Он долго сидел и рассматривал малюсенькое личико дочери, спящей глубоким сном. Сюзан даже не спросила у него, что он, собственно говоря, думает. Она ведь так хорошо его знала. Марк же не мог сейчас думать о серьезных вещах, а ее пронизывало беззаботное удовлетворение, она прямо-таки купалась в счастье. Сюзан давно не испытывала подобного чувства. Крепенькое тельце Марсии было так прекрасно, что Сюзан не могла налюбоваться им. Оно было прекрасным и совершенным в каждой линии, и Сюзан чувствовала себя создателем необыкновенной, живой скульптуры.
Она вздохнула, улыбнулась и уснула.
В то время, как Сюзан спокойно ждала, когда ей позволят уйти домой, она долгие часы размышляла о своей жизни. Она лежала и впитывала в себя все те мимолетные проявления жизни, которые обнаруживают себя лишь в моменты просветления, когда человек останавливается и окидывает взглядом пройденный путь. После творения наступает отдых. А потом придет что-то новое. Однажды она встанет с узкой, белой постели и вернется ко всему, что было, и к тому, что ее еще ждет. Но до этого времени она будет, как прежде, только внимать и ждать.

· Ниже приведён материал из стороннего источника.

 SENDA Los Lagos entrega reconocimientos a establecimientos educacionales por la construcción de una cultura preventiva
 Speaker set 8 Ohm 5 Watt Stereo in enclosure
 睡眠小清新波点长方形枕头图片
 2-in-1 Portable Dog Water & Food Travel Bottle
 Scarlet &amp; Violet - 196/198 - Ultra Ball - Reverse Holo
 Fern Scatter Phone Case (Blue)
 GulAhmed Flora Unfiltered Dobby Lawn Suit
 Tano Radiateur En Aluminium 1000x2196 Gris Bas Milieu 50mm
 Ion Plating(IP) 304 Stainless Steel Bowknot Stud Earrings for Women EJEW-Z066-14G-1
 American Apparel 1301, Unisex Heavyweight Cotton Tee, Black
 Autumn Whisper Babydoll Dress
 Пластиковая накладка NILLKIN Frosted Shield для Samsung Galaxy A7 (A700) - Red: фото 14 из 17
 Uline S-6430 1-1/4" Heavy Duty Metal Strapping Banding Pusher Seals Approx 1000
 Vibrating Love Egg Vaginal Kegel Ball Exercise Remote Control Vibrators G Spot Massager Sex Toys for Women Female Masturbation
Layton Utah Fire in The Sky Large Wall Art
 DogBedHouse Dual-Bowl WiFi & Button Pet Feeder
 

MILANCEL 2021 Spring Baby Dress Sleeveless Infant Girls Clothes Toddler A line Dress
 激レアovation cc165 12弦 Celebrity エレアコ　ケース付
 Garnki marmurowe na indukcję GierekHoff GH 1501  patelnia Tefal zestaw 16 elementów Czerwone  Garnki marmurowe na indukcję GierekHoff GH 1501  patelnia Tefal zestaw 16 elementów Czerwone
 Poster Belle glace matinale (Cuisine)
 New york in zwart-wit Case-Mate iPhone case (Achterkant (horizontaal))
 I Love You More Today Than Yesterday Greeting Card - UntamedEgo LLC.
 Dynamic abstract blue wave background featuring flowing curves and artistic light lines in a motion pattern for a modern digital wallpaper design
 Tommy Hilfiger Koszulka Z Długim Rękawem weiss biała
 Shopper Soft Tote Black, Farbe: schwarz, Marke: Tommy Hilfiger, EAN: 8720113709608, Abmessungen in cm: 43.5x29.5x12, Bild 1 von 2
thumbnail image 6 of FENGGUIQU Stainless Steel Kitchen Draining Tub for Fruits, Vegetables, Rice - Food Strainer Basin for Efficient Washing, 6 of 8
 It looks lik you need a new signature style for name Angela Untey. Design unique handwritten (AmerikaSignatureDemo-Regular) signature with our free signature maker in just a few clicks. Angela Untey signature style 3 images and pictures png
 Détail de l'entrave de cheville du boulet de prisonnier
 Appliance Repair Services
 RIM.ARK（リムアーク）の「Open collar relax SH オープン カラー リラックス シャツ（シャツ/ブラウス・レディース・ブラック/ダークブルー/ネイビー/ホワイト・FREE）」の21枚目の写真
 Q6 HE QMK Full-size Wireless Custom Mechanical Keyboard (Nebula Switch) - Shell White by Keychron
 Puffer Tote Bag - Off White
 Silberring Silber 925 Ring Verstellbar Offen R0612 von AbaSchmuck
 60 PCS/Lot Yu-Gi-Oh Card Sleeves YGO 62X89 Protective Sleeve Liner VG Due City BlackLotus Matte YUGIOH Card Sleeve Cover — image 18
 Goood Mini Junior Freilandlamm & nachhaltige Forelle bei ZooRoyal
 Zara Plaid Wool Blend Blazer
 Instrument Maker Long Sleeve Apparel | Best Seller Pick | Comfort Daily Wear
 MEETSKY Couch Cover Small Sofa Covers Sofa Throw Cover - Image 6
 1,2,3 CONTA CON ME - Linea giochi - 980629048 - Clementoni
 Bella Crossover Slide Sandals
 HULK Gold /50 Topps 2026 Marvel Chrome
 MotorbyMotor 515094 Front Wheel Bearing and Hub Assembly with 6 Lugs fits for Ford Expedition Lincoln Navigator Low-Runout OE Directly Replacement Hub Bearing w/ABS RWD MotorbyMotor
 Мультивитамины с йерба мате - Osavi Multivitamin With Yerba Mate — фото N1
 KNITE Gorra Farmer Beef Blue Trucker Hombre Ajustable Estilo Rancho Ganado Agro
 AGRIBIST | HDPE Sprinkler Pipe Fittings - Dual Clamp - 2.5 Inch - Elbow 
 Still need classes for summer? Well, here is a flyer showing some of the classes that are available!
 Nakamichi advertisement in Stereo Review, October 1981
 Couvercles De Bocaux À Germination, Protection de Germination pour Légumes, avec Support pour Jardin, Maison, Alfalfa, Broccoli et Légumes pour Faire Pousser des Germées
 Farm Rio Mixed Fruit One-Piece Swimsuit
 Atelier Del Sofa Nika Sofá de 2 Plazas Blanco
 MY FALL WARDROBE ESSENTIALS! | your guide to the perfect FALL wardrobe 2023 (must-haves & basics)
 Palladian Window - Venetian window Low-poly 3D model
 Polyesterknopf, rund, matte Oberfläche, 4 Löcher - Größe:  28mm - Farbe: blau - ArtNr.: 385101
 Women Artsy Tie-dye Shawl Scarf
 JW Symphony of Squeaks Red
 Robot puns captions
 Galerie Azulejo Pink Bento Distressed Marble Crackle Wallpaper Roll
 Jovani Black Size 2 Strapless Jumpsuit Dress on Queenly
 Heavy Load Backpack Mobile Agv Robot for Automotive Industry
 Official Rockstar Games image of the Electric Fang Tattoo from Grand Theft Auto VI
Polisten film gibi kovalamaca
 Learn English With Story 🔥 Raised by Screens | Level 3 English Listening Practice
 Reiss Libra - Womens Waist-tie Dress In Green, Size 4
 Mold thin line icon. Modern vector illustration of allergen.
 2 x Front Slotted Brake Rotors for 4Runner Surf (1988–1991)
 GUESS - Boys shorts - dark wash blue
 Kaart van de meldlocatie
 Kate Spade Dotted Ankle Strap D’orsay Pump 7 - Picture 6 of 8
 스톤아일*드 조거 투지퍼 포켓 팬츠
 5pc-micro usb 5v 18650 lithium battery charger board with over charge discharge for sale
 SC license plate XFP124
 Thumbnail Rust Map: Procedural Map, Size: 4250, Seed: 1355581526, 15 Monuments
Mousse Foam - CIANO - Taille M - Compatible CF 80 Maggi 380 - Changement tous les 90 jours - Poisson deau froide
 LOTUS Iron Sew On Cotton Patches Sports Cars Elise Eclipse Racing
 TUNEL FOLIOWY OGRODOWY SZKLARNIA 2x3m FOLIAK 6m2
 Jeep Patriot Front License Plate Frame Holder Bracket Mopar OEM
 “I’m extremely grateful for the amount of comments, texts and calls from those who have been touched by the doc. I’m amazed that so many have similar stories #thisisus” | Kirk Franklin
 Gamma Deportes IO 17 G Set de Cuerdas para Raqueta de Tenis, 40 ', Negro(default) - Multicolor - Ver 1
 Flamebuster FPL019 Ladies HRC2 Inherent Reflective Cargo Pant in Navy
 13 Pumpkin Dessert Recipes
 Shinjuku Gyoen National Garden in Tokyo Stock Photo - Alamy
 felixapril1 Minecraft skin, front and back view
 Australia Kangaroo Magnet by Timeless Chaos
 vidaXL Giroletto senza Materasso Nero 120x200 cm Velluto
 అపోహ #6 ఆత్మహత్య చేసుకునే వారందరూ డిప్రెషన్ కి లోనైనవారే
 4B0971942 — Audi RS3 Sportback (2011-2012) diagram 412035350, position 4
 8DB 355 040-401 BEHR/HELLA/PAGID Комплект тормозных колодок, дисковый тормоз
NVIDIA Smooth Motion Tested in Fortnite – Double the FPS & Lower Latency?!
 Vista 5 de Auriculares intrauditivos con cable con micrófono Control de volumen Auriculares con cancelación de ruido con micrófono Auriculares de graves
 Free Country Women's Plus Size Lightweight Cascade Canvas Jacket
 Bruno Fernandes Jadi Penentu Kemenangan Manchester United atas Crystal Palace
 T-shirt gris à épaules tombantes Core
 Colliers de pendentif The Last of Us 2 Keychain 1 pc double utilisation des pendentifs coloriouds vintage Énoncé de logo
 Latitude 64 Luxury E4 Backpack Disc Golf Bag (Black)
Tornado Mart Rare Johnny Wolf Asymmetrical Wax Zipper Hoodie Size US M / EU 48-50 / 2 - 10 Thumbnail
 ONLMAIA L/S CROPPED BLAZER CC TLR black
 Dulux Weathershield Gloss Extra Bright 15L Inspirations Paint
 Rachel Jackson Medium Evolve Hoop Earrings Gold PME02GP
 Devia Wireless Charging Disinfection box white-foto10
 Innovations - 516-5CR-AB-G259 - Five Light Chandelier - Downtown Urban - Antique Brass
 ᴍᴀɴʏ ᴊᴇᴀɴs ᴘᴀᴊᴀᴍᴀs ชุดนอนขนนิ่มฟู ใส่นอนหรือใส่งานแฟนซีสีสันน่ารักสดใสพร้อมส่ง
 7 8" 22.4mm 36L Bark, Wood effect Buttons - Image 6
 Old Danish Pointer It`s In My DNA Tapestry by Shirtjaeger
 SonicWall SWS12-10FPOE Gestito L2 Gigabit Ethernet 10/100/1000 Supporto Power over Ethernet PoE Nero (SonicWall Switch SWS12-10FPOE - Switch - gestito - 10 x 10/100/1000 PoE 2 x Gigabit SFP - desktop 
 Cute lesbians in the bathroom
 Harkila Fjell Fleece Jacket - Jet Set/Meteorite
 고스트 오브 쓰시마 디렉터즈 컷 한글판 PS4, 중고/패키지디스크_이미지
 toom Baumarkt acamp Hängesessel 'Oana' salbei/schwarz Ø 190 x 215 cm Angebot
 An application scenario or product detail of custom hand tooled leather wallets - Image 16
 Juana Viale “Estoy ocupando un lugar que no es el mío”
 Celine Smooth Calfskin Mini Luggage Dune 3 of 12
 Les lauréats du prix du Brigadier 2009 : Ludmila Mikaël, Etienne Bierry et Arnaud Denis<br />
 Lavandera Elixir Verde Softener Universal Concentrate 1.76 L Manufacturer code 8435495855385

Мать с отцом приходили ежедневно, но никогда вместе. Мать говорила мало. Она сидела и с непритворной радостью качала Марсию; тишину она нарушала только после долгого и медленного размышления:
— Она не очень-то похожа на тебя, больше напоминает Мэри, когда та родилась.
Отец посмотрел на Марсию и резко сказал:
— По-моему, она такая же, как и все дети. Но я все равно принес тебе стихотворение — Марсии, в день ее рождения.
Он откашлялся и начал читать вслух, а закончив сказал:
— Вопрос в том, что тебе хотелось бы больше, те двадцать долларов, которые мне могут за него заплатить, или эти стихи.
— Ну, конечно же, стихи! — ответила Сюзан со смехом.
— Можешь получить и то, и другое. Бери, сколько есть — все равно тут немного. Сюзи, когда я выйду на пенсию, то отправлюсь к Тихому океану, независимо от того, поедет со мной мать или нет.
Она снова засмеялась и протянула руку к стихам. Сколько она себя помнит, он всегда говорил о том, что поедет на берег Тихого океана. Когда она была еще маленькой девочкой, ей это было неприятно, так как мать тогда серьезно относилась к речам отца и всегда жаловалась: «Но, Дэни, что я там буду делать?». Испуг матери потрясал ее, лишал уверенности, но с течением времени мать перестала обращать внимание на его слова.
— Я положу их к своим сокровищам, — сказала Сюзан.